### WHAT IS BEING ASKED
Only the line with "D040186 DA+SILVA Starter" and the lines after it, to the end of the data, should appear in the answer, each reproduced exactly.

==== RECORDS ====

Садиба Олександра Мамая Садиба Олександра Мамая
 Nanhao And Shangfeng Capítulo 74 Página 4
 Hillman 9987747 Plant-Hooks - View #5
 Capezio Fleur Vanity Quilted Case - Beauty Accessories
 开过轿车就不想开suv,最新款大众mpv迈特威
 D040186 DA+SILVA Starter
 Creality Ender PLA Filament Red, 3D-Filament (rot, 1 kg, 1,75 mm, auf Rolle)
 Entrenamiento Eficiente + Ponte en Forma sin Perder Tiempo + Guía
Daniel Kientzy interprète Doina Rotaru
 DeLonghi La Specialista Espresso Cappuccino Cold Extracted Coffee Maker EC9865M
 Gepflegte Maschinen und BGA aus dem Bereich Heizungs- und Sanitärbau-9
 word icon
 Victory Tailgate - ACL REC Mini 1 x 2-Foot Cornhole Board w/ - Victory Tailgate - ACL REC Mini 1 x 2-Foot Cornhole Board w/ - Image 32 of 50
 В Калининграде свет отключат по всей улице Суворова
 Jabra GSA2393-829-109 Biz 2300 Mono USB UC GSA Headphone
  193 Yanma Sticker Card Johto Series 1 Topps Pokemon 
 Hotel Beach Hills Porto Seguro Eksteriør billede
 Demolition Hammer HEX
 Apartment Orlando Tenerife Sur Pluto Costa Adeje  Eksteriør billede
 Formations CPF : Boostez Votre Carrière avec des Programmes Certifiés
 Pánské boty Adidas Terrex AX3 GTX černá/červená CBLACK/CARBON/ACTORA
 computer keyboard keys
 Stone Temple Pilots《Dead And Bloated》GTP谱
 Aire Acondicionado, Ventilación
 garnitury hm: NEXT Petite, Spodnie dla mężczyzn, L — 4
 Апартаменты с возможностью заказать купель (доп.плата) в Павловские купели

====

### EXERCISE RESULT
 D040186 DA+SILVA Starter
 Creality Ender PLA Filament Red, 3D-Filament (rot, 1 kg, 1,75 mm, auf Rolle)
 Entrenamiento Eficiente + Ponte en Forma sin Perder Tiempo + Guía
Daniel Kientzy interprète Doina Rotaru
 DeLonghi La Specialista Espresso Cappuccino Cold Extracted Coffee Maker EC9865M
 Gepflegte Maschinen und BGA aus dem Bereich Heizungs- und Sanitärbau-9
 word icon
 Victory Tailgate - ACL REC Mini 1 x 2-Foot Cornhole Board w/ - Victory Tailgate - ACL REC Mini 1 x 2-Foot Cornhole Board w/ - Image 32 of 50
 В Калининграде свет отключат по всей улице Суворова
 Jabra GSA2393-829-109 Biz 2300 Mono USB UC GSA Headphone
  193 Yanma Sticker Card Johto Series 1 Topps Pokemon 
 Hotel Beach Hills Porto Seguro Eksteriør billede
 Demolition Hammer HEX
 Apartment Orlando Tenerife Sur Pluto Costa Adeje  Eksteriør billede
 Formations CPF : Boostez Votre Carrière avec des Programmes Certifiés
 Pánské boty Adidas Terrex AX3 GTX černá/červená CBLACK/CARBON/ACTORA
 computer keyboard keys
 Stone Temple Pilots《Dead And Bloated》GTP谱
 Aire Acondicionado, Ventilación
 garnitury hm: NEXT Petite, Spodnie dla mężczyzn, L — 4
 Апартаменты с возможностью заказать купель (доп.плата) в Павловские купели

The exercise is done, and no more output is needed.